Any help greatly appreciated.

Cheers,
James
54404bcac0f45bf1c8e8b827cd9bb709?d=identicon&s=25 7stud -- (7stud)
on 2014-06-20 02:00
my_str = "hello world"
puts my_str.encoding  #=>US-ASCII
puts my_str.bytesize   #=>11

x = my_str.encode('UTF-16')
puts x.encoding   #=>UTF-16
puts x.bytesize   #=>24
p x   #=>"\uFEFFhello world"


result = x.encode("UTF-8", x.encoding)
puts result.encoding  #=>UTF-8
p result   #=>"hello world"


So you can do this:

Open3.popen3('some_program') do |stdin, stdout, stderr, wait_thr|
  data = stdout.read()
  result = data.encode("UTF-8", "UTF-16")
  #Or more generally: result = data.encode("UTF-8", data.encoding)
end

For what it's worth, if I use the following program as the target of
popen3():

my_str = "hello world"
#puts my_str.encoding
#puts my_str.bytesize

x = my_str.encode('UTF-16')
#puts x.encoding
#puts x.bytesize
#p x

puts x


And then I read from stdout:

#!/usr/bin/env ruby

require 'open3'

Open3.popen3('ruby do_stuff.rb') do |stdin, stdout, stderr, wait_thr|
  data = stdout.read()
  p data.encoding
end


The encoding is "UTF-8".  I'm not sure how that works.
09a32175057418748822c587ac08c429?d=identicon&s=25 Abinoam Jr. (abinoampraxedes_m)
on 2014-06-20 04:34
(Received via mailing list)
Hi James French,

The main source of problems I've had with encondings are related to
the string being a byte representation of some enconding but being
"marked" as another encoding.

If my default encoding is utf-8, and if I open an utf-16 file it will
not "auto-detect" it as utf-16.
The strings coming from that file will be marked as utf-8 but their
byte representation will be utf-16.

If I try this:

str.encode(Encoding::UTF_8)

it will do NOTHING just because it thinks the file is already
Encoding::UTF_8.
So I have to do something like

str.encode(Encoding::UTF_8, Encoding::UTF_16)

or

str.force_encoding(Encoding::UTF_16).encode(Encoding::UTF_8)

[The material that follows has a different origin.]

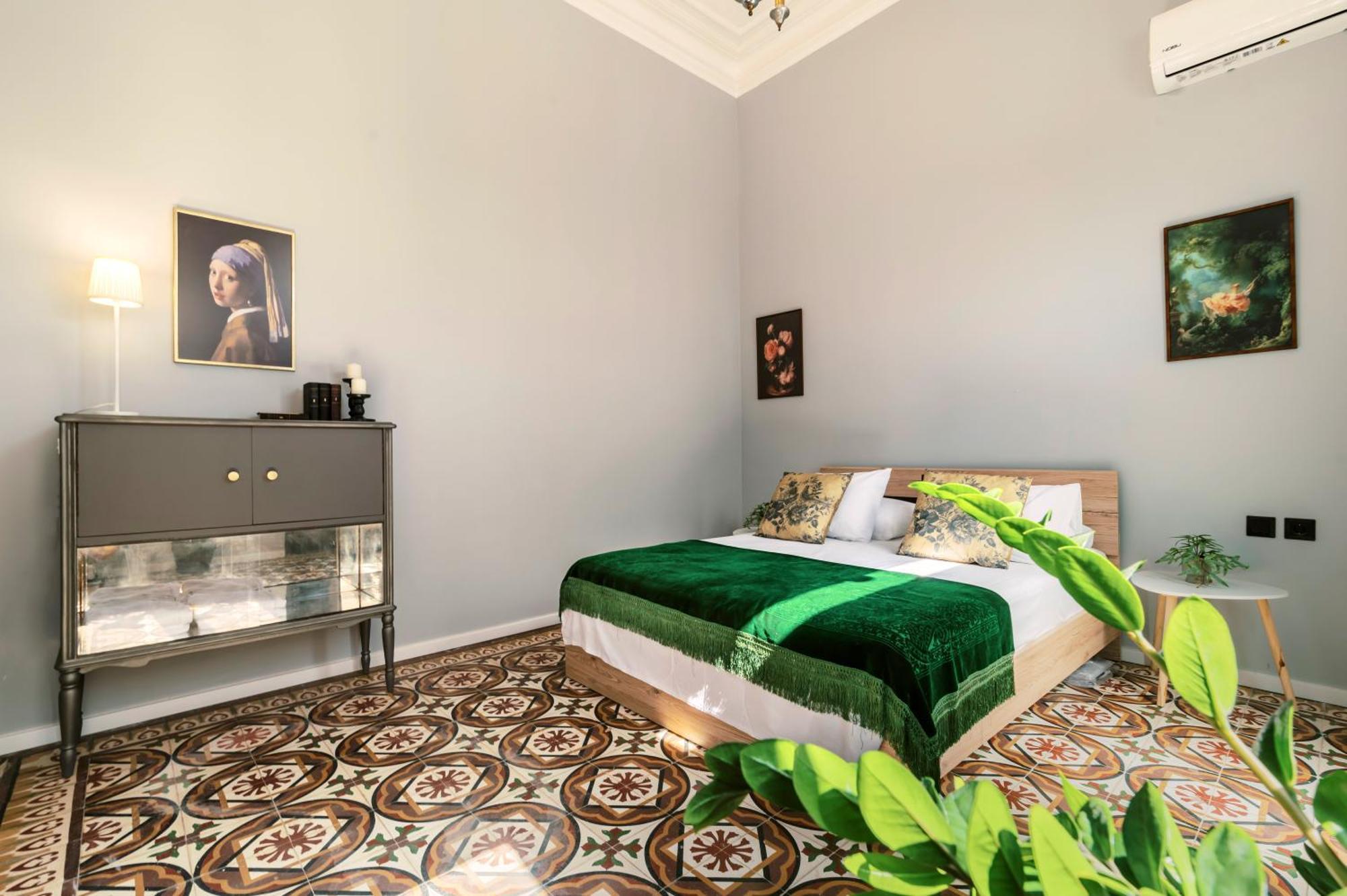 Quattro Zie Villa Rhodes City Екстериор снимка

to inform the "source" encoding.

Another source of error (at least for me) is that some UTF_16 streams
just lacks that "BOM" comand (Byte Order Mark), so it cannot guess if
it is little endian or big endian. So you could "hint" it with
Encoding::UTF_16BE or Encoding::UTF_16LE.

I created a gist with my IRB session (for clarifying)
https://gist.github.com/abinoam/224cbffd5cae7f591b10

I hope it helps, and sorry if it is not related to your problem.

Best regards,
Abinoam Jr.

On Wed, Jun 18, 2014 at 12:08 PM, James French
3df767279ce7d81db0a5bb30f5136863?d=identicon&s=25 Matthew Kerwin (mattyk)
on 2014-06-20 05:55
(Received via mailing list)
On 20 June 2014 12:33, Abinoam Jr. <abinoam@gmail.com> wrote:

>
> Another source of error (at least for me) is that some UTF_16 streams
> just lacks that "BOM" comand (Byte Order Mark), so it cannot guess if
> it is little endian or big endian. So you could "hint" it with
> Encoding::UTF_16BE or Encoding::UTF_16LE.
>
>
​This is the most common problem, AFAIK.​ If your data doesn't have a
BOM
(the first bytes = 0xFFFE or 0xFEFF) then the system can't know which
UTF-16 encoding you're using.

Here's a much tinier gist than Abinoam's, which does some inter-process
communications: https://gist.github.com/phluid61/40b9d5b32c9edabaae07

Cheers
403b1743ad9522eeb22f301727ffc714?d=identicon&s=25 James French (Guest)
on 2014-06-20 16:15
(Received via mailing list)
Thank you Abinoam and Matthew. Incredibly useful. It doesn’t appear that
you can pass the encoding in up front with Open3.popen3 but I was able
to change my io processing code to

      chunk = io.readpartial(4096)
      chunk.encode!(Encoding::UTF_8, external_encoding) if
external_encoding
      buffer << chunk

Where external_encoding was UTF16-LE and it fixed my problem.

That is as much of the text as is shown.